How many lines in the data below contain the string "онлайн"? State that number only.

Exercise material -
BEGIN
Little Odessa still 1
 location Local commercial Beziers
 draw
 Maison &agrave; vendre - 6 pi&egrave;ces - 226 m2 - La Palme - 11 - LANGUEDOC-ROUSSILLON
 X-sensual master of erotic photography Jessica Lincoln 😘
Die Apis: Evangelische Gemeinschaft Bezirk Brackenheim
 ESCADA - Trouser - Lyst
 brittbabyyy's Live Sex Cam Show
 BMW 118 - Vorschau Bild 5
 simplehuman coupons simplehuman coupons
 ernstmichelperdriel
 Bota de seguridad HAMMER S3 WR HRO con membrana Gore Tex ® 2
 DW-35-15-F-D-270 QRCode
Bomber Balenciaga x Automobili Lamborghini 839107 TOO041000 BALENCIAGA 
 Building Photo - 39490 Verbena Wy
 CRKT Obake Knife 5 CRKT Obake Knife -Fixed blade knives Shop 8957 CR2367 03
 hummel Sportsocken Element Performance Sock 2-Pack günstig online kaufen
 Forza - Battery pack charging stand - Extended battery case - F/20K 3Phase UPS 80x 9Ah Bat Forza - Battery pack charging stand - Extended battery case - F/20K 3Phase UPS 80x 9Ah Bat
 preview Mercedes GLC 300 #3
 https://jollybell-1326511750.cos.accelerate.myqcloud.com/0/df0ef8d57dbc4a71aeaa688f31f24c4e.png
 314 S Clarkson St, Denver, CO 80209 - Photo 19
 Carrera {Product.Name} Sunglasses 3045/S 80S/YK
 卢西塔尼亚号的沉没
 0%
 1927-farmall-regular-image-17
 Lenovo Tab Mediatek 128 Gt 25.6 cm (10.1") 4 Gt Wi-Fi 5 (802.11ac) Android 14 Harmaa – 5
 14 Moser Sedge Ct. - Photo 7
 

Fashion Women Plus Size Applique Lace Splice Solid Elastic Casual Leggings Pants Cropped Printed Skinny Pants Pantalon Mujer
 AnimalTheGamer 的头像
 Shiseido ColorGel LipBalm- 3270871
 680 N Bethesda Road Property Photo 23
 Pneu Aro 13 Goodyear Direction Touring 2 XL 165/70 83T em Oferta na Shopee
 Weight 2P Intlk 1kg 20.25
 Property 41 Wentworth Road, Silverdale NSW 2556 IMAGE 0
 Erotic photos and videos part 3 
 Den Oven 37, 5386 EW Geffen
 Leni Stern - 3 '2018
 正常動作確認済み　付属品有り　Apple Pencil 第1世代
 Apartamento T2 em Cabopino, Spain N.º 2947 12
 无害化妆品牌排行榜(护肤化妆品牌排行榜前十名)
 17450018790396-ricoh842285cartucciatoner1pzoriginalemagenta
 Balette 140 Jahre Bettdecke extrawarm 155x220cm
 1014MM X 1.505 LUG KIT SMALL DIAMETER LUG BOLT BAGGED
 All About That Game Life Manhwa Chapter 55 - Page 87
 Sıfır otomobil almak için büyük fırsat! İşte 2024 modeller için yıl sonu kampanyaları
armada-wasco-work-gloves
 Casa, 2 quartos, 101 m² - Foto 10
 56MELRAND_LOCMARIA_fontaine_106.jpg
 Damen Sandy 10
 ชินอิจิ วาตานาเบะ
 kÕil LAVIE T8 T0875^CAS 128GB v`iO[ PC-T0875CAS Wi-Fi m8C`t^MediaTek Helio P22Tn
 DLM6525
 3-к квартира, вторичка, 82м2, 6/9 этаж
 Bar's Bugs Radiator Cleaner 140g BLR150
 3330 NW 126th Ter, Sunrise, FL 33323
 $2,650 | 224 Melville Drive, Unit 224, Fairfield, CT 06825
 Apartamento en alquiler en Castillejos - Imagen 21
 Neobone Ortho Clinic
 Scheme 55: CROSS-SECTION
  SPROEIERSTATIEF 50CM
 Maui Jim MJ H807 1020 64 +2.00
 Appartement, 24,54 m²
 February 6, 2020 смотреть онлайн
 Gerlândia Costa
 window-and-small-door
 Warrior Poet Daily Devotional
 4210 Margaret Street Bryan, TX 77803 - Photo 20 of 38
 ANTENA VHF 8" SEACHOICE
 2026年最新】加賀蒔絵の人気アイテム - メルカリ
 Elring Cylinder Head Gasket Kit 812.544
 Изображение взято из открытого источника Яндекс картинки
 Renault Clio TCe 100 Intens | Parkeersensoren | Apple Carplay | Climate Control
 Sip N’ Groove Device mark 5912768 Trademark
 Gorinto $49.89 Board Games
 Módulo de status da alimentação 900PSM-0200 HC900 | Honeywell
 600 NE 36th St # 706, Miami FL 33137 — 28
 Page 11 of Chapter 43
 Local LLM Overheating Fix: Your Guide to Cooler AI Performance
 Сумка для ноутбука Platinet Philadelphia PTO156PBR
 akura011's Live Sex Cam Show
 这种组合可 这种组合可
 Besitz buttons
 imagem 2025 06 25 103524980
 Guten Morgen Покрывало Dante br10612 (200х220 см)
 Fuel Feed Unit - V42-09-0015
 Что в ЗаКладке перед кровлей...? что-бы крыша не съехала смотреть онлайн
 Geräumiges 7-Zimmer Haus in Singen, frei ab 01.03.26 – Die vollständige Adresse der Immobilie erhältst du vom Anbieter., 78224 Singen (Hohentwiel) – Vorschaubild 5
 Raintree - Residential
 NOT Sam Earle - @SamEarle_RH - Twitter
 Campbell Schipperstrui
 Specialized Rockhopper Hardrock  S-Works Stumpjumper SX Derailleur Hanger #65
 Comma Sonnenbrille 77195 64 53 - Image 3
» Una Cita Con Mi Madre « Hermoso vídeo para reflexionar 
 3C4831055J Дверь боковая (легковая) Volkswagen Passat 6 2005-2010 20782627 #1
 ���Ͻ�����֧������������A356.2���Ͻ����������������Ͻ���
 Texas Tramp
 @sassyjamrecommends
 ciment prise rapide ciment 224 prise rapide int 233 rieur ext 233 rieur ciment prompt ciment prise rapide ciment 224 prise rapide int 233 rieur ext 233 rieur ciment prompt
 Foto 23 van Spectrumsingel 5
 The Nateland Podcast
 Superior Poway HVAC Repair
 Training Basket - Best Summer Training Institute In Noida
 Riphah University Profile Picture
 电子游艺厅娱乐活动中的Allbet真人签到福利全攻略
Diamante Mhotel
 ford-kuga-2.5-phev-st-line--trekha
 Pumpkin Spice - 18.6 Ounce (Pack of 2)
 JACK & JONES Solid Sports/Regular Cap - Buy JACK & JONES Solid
END
Answer for this exercise - 2